"L'opera di Gaspare Occhipinti " - di Anna Maria Esposito

 

Uomo in frak

 

Conosco da pochissimo Gaspare Occhipinti, vulcanico docente, padre, artista… l’occasione, fortuita, è stata la prestigiosa riapertura del Museo di arte contemporanea di Gibellina, curato da Tano Bonifacio, che presenta, tra le altre, un’opera del raffinatissimo Enzo Tardia. E quando l’evento si è concluso siamo rimasti noi, Enzo e Gaspare, con la voglia di vivere ancora momenti, così come l’Arte ci dona. Non esistono formalità fra noi, devoti dell’irrefrenabile mondo dell’inconscio, devoti al Momento contingente. Il risultato fu un un angolo fortunosamente recuperato in una pizzeria già piena ed un piatto di formaggi (neppure cibo c’era, per noi, quella sera). Nascono così le ammirazioni, nella joie de vivre, come direbbe Matisse; una serata di risate e pensieri creativi e solari.

Anche quelle poche ore, infine, trascorsero. Soltanto cronologicamente, però: esse restano nell’animo senza tempo, restano “in essere”. E così trascorrono le nostre vite, tra dolci amicizie di persone creative e generose. Un privilegio. E, a distanza di quasi un anno, Gaspare espone nella bellissima mostra a Palazzo Riso, presentata dal finissimo Aldo Gerbino.

È una grande gioia potere ammirare il suo lavoro ed ancora di più esporsi al sole della sua personalità franca e positiva, incontenibile. Soltanto così sono entrata in contatto con il suo lavoro e ho osservato il pubblico, i suoi allievi, le opere, lo spirito che aleggiava.

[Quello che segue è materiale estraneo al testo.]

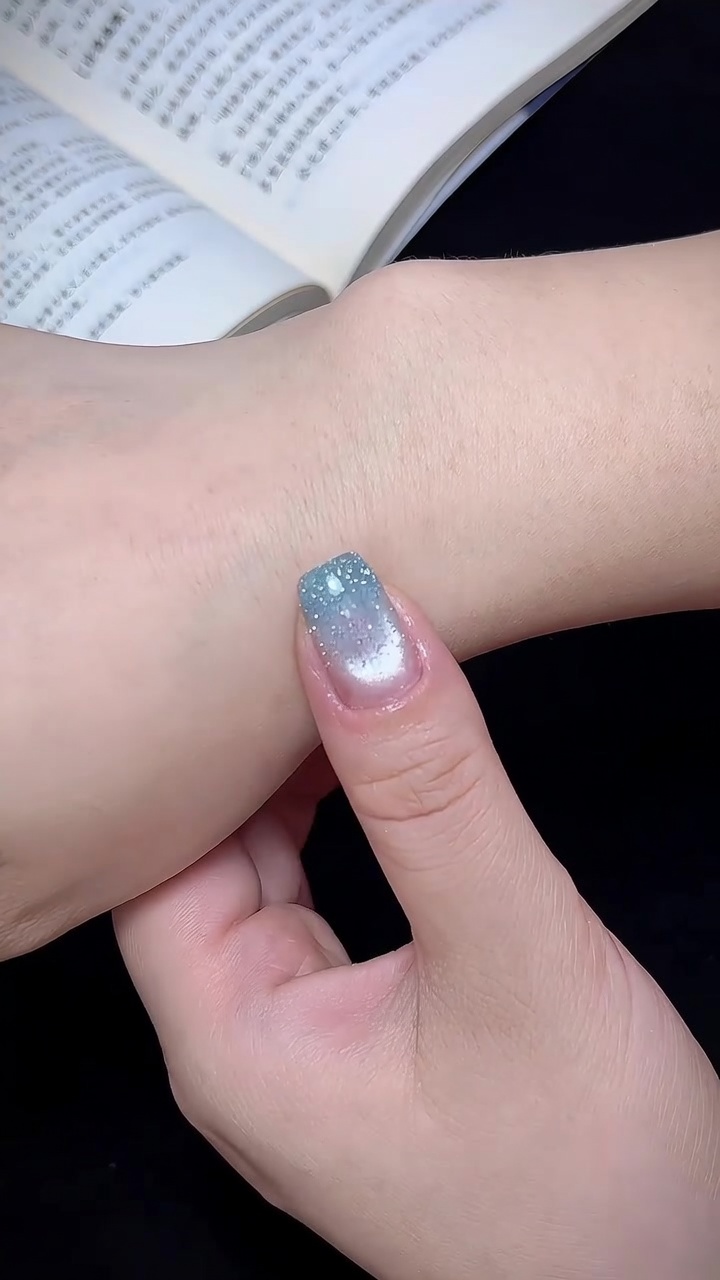 Unghie Cat Eye con Sfumatura Blu Acquatica — Tutorial Artistico Passo dopo Passo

Perché questo è ciò che cerchiamo: un modo diverso di vivere.

Certo, riconosco che il mio è un modo atipico.

Si deve procedere conoscendo l’opera, che t’interessa e ti incuriosisce, poi s’intervista l’artista, per chiarimenti e approfondimenti, e infine ne descrivi la poetica.

E quindi adesso è necessario passare a questa parte del racconto.

Ho letto diversi testi critici, e ho notato che pochi sottolineano la rarefazione. Gaspare procede per sottrazione. Non descrive gli eventi, ma ciò che li circonda e ciò che li circoscrive. A furia di sottrarre, restano soltanto i contorni, e di questi soltanto gli essenziali. Così, non temo di dire che tutto il suo lavoro attuale, per quanto ne ho visto, è fatto di appunti, di cenni, di ricordi frammentari. Chi acquista una sua opera pittorica acquista un vuoto, acquista un ricordo, ne acquista i contorni. Cenni, accenni.

“I Vespri”: 800 anni fa due schiere si affrontano, gli uni per mantenere lo “status quo”, gli altri per riottenere la libertà. Di quell’evento rimane un ricordo lontano, un eco. Ma, ci ricorda Gaspare, di tutto dobbiamo tenere memoria.

Egli ha costruito un suo mondo, fatto del suo presente e del suo passato. E coltiva queste radici a cui si ancora non soltanto per dare forza a se stesso ma anche a tutti coloro di cui si circonda.

Una frazione dispersa, un angolo della Sicilia, immerso nel verde, un pezzo di territorio fertile e creatore di cibo, è un universo che basta. Questa è un’altra delle sue lezioni: ancorarsi, radicarsi. E poi, da lì, espandersi. Prendere (poco) per dare molto, aprirsi senza limitarsi.

Dare: alla famiglia, agli allievi, agli amici. Dare, soprattutto, una lezione: non avere timore di prendere, perché tutto ci è donato. E poi spandere il bene con gratitudine ed abbondanza. La sua arte è ritmica, fatta di echi.

Sottolinea il codice nascosto nelle cose: quelle poche tracce che ne restano vengono disposte su supporti poveri ed essenziali. Non occorre la tela, basta il sacco. Non occorre il colore , ma basta la traccia di esso. Traccia sottolineata dal fondo bianco, l’unico lusso descrittivo che si concede. Tutti i suoi soggetti passano dal setaccio della sottrazione. E se è vero che meno è più (“less is more”, ci ha insegnato Mies van der Rohe) allora ecco spiegata la ricchezza sontuosa della sua esposizione, nella quale spiccano le sculture, opere maestre in bronzo caratterizzate da una ritmicità primigenia, quasi danze in schiera, memori di sirtaki mediterranei. Da sottolineare il folle Don Quijote, guerriero, filiforme, urlante.

Mi sembra sempre un padre tra i suoi figli, il Maestro, l’artista: le opere lo guardano, lo chiamano a coro. Lui le rassicura con la sua presenza.